Philip does not respond in word, but in action. Philip does not give any conditions. He does not tell him that he must follow x, y and z rules; he doesn’t tell him to sign a doctrinal statement; he doesn’t check to see if there’s any “hidden” sin. Philip simply gets down and baptizes the eunuch. In baptizing the eunuch, Philip fulfills the prophecy of Isaiah 56, which reverses the Torah’s exclusion of eunuch’s into the Lord’s presence. Isaiah, in a scandalous movement away from the Torah’s exclusion of eunuchs, prophesies: “And let not the eunuch say, ‘Behold I am a dry tree.’ For thus says the Lord: ‘To the eunuchs…I will give in my house and within my walls a monument and a name better than sons and daughters; I will give them an everlasting name that shall not be cut off’” (Isa. 56:3-5). 

God’s Spirit moves unhindered by even the Torah’s exclusions. In baptism, the Ethiopian eunuch is grafted into God’s family, and this would have been scandalous to many of Luke’s readers. Jaws would’ve dropped; audible gasps would’ve been heard. The eunuch’s baptism begins a series of scandalous inclusions throughout the book of Acts; Gentiles are included, Roman Centurions are included; Paul, a murderer is included. God’s Spirit moves unhindered by our categories and the lines we would draw in the sand. God’s Spirit works in the deserted places where we would not expect to find Her. 

The Ethiopian eunuch’s baptism reveals a God who is expanding the story, a God who is in the business of including, rather than excluding, a god who sees and hears those we would rather dismiss and overlook. This has been a theme of most of the stories we’ve visited these past few weeks: God includes those we would rather exclude. And God has included us, even when we fear we deserve to be excluded. As Christians, it is not our business to exclude or to draw lines in the sand, but to include others, even when it might be considered scandalous.

Baptism blurs all the cultural and social boundary lines we draw, transforming someone from an “other”, to “one of us.” Our worthiness for baptism and inclusion into the family of faith is not based upon our social status, our gender, our sexual orientation, our sins – past or future—but it is based upon God’s call and the Spirit’s unhindered movement.

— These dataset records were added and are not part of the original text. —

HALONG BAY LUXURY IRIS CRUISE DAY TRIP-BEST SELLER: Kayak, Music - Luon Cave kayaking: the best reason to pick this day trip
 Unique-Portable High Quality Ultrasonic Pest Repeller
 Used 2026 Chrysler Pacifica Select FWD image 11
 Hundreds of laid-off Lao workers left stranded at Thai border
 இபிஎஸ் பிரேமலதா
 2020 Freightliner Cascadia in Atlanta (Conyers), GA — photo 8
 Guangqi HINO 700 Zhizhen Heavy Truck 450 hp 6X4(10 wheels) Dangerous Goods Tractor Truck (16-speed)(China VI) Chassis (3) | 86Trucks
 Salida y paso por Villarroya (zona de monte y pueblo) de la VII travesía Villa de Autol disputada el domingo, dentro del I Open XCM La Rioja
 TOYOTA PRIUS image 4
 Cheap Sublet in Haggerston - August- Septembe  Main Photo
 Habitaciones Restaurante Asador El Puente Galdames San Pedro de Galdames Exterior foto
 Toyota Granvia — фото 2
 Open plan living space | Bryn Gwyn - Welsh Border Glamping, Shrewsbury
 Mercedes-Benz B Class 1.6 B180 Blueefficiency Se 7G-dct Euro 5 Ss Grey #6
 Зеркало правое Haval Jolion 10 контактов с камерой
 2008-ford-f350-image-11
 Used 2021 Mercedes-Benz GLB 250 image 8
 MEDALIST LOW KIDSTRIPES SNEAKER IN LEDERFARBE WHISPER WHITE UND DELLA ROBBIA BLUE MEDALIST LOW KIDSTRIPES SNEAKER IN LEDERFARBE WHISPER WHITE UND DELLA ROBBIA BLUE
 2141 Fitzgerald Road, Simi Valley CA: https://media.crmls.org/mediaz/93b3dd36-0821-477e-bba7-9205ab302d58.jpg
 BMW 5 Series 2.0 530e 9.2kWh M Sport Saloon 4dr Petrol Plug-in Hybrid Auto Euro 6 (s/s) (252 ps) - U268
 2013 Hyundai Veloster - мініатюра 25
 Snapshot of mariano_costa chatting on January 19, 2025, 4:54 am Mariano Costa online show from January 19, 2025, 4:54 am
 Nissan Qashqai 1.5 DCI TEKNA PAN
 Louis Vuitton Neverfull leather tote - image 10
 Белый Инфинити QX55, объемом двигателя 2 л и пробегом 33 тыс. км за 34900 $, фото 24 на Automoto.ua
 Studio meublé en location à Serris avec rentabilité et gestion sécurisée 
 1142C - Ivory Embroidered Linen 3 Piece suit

At this moment, God’s Spirit is moving in a desert place – a place on the margins of society. Perhaps, like Philip, God’s Spirit is calling you there. Will you respond to the call? Will you have the eyes to see that our God is not a God who likes to work at the center of things, but on the margins; our God likes to work among the outcasts, the exiles, the afflicted. Will we allow our feet to take us there?